耶磨人は慌てて自分の胸を見た。血はおろか、団子のタレすら付着していない。そればかりか、不可思議な事に、手首挿入中に痛みも圧迫感も何も無かったのだ。
「ところでよう、最近どうなんでい。ドリメガは」
不意に、百多郎の表情が真顔になる。
「不穏な動きだらけさ。特に地の底が騒がしい」
「地の底か……厄介な話じゃねえか」
百多郎は眉をひそめながら、水平線にぼんやりとした輪郭をとどめて浮かぶドリメガを凝視した。
「儂がここに残ったのはそれ故にじゃ。大神様に御伺いをたてて、会合には旦那だけの出席で許可を取っての」
「成程な。そりゃあ、正解だわ」
百多郎は一気にお茶を飲み干すと、団子にむしゃぶりついた。
「旦那って? もしかして結婚されているのでございますか?」
百多郎との会話の様子を伺っていた耶磨人は、対応可能な限りの敬語で彼女に問い掛けた。何しろ見掛けはお子様でも本当は神様なのだ。

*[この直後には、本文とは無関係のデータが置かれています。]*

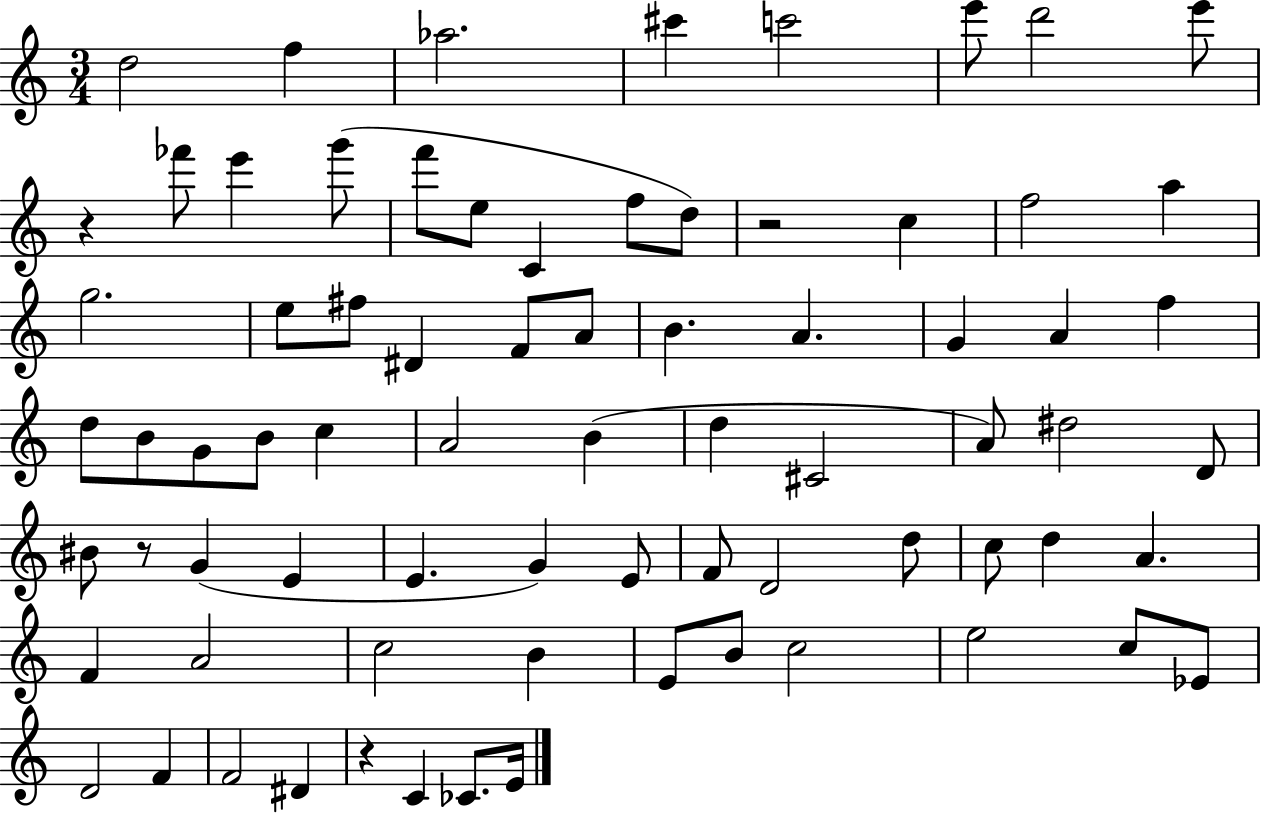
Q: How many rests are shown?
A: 4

「うん。旦那一人に娘が五人。五つ子でな、もう全員独り立ちしたがの。一人はここの娘を守っておる」
新たな客の接待をするお姉さんの背後から、巫女姿の長い髪の少女が、すうっと姿を現すと、耶磨人達に深々と頭を下げた。見た目で判断すると、歳の頃は十代後半。抜ける様な白い肌と神秘的な切れ長の澄んだ眼が特徴的な少女だ。

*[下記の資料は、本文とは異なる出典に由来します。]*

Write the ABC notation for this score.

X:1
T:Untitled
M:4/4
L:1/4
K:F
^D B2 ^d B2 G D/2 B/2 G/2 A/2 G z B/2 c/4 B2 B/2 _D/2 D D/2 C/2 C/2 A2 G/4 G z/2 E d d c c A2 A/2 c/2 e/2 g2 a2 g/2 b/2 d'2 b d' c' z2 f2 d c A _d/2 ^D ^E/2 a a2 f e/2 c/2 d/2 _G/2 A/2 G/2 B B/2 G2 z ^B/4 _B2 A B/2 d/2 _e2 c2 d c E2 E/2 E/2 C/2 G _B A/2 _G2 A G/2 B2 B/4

耶磨人はあからさまに彼女をガン見すると、訝し気に首を傾げた。
(あの娘、何処かであったことがあるような、ない様な……)
「娘のろんじゃ。末っ子でな。長女と次女はそれぞれそなたの妹達を守護しておる」
「えっ! あっ! そうなんすかあっ? いつも妹達がお世話になってます」
耶磨人は思いもよらぬ展開におろおろしながら頭をガリガリと掻いた。
突然、彼の胸から何かが飛び出した。お盆だ。しかも重ねた皿の上に串が六本固めておいてある。
「うわっ!」
大声を上げて仰け反る耶磨人の前に、タイミング良く現れた店のお姉さんがお盆をキャッチ。更に背中からうにょーんと手が二本伸びると、お盆の上に湯吞みをそおっと置いた。お盆には『ご馳走様でした。超めちゃ旨でした!』と、黒のボールペンで書かれたメモが一枚。珠璃だろうか、なかなか洒落た事をする。でもメモ用紙は何処から持って来たんだろ? それを言うならボールペンもだ。
「ももよ、これからのり込むのか、あの島に」
美知乃が、醒めた目でドリメガを見つめながら、淡々と呟く。
「ああ。やらんきゃなんねえ事があってな」
「申し訳ないが、儂はこの界隈の者達を守らねばならぬのでな」
「承知の上よ。ここで守りの布陣を敷いてもらうだけで十分でい」
百多郎はすっくと立ちあがると、上体を大きく反らして伸びをした。
「よっしゃ、そろそろ行くぜ!」
「お代はよいぞ。儂のおごりじゃ」
「済まねえな。御馳走さん」
「御馳走様でしたあ、美味しかったです!」
耶磨人は深々と頭を下げ、お辞儀をする。
不意に、一陣の風が耶磨人の傍ら吹き抜けていく。慌てて顔を上げた彼の眼に、無数の尾を仏像の後光の様に揺らめかせながらゆっくりと消えていく、金色の体毛に包まれた大柄な狐の姿が映った。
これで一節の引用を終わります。